Fraser, in a post on his Facebook page yesterday, suggested that the public display by the government and BVI Airways is possibly a sham.

He stated that, ultimately, the NDP government’s intention was to start a national airline, but the plot has started to unravel earlier than anticipated.

“Remember Cayman [Islands] with its national airline? Well here’s the NDP’s chance to get one. They can have it without the public debate having to justify its feasibility, affordability, or national benefit. This is the NDP grand plan,” Fraser said.

He added that the Avro RJ 100 type of planes that BVI Airways recently acquired helps to prove his point.

“It is not an efficient aircraft by any stretch, with its four engines. But that’s all we are capable of with our current [airport] runway… On the issue of efficiency, well it is their hope that, before too long, the runway will be extended and a different aircraft type introduced to solve that problem. Plausible indeed.”

“Efficiency here is the key. My point is, no investor, especially private, can sustain an operation like BVI Airways in its current form. The NDP administration fully anticipates – and probably with the knowledge of the airline executives – that the airline will collapse under these circumstances,” Fraser further theorized.

To further build his theory, he alluded to a Cayman Islands scenario.

“In fiscal year 2016-2017 the Cayman government has given its national airline $24.7 million, which is a reduction from the year before. And yet an additional $7.7 million to help pay off its debt. I’m making a point here, which is, in the scheme of things, $7.2 million on the part of the NDP to own their own National Airline is not a big deal. So much for the motives of this NDP administration and its methods for now. There are pros and cons about having a national carrier…” Fraser further reasoned.

Premier Smith

In the meantime, Premier Smith this month raised the issue of a national airline, but he did not develop his point clearly. This is what he said: “There is a reason our competitors in the region do not operate air services under their own national name. There is no Air Barbados, or Air Turks and Caicos. But those destinations have the good fortune right now of having regular, direct air service from the US, and so they are relieved of that burden. We are not so fortunate…”

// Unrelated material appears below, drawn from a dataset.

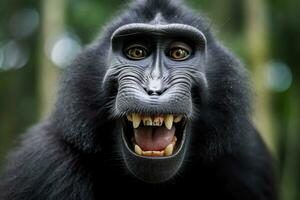 Celebes crested macaque with open mouth. Close up on the green natural background. Generative AI photo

In the meantime, Osborne, who is a supporter of the Opposition party, yesterday added his voice to the discussion Fraser had started on Facebook.

He accused the current government of taking the BVI people for a ride. “What I will tell you on this one is that I see it as a ‘conspiracy theory’. The people of the British Virgin Islands are tired of being taken for a ride to nowhere with this business venture,” Osborne said.

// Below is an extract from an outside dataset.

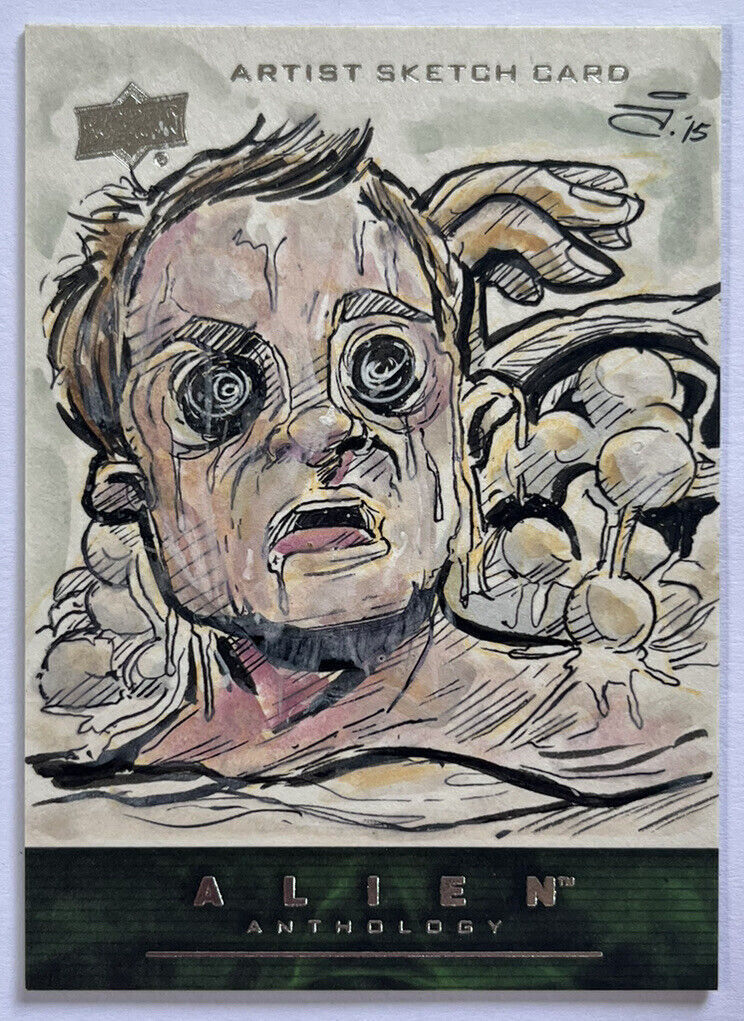 2016 Upper Deck Alien Anthology Sketch Card By Justin Castaneda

He further claimed that one of the major issues is that Premier Smith is not a visionary, and not a man who always lives up to the principle of transparency.

“The premier, to this very day, has not convinced me that he is a man of vision – but more a man of false promises and illusions. [He is] a man who does not believe in his people, and would rather give a chance to a non-belonger than his own. [He is] a man who has kept the people of the BVI in the dark for six plus years with millions spent and no transparency nor accountability to show for it. Are we playing cat and mouse here? We don’t have to set no rat trap to own an airline,” added Osborne.